How much will I receive in child support?

When the Court determines child support, they utilize the computer program Dissomaster or ExSpouse, generally in California.  There are various systems available online which can assist you in calculating what your child support will be, but you won't really know for sure what the sum will be, because the Judge has discretion on certain factors.  As a general rule, however, there are very few factors which will cause your support to go up and down.  They are:  You and your ex's wages (wages are entered as monthly gross or pre-tax or pre-deduction wages); the timeshare each party has with the child(ren); who claims the child(ren) as deductions for tax purposes; deductible mortgage interest; union dues; health insurance payments; mandatory retirement payments; and new spouse income.  The court may also grant a hardship deduction to a party for any other children which are supported and who are not from the relationship at issue.

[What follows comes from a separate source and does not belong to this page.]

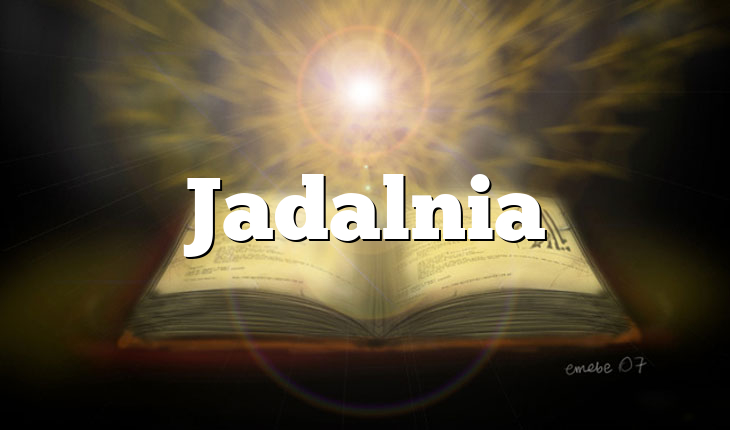 Jadalnia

Many parties are confused about the new spouse income and believe that any monies their new spouse earns will be counted as part of their income.  This is not the case in California.  Caselaw has established that counting the new spouse income as part of that parties income and therefore raising (or lowering) that parties spousal support to their detriment, was having the effect of discouraging marriage in California, so the law was changed.  Courts no longer count new spouse income as part of your income, now it is only used to determine your tax filing bracket, if you are filing taxes with your new spouse.  The effect, generally is, that the more your new spouse earns, the less you have to pay (or the more you will recieve) in child support, because it pushes you into a higher tax bracket (if you file taxes with your new spouse), and thus you have less disposable income to pay for your children's needs because you pay more in taxes.  The theory behind this appropriate change in the law is that it is not your new spouse's financial responsibility to support the children you have with a former partner.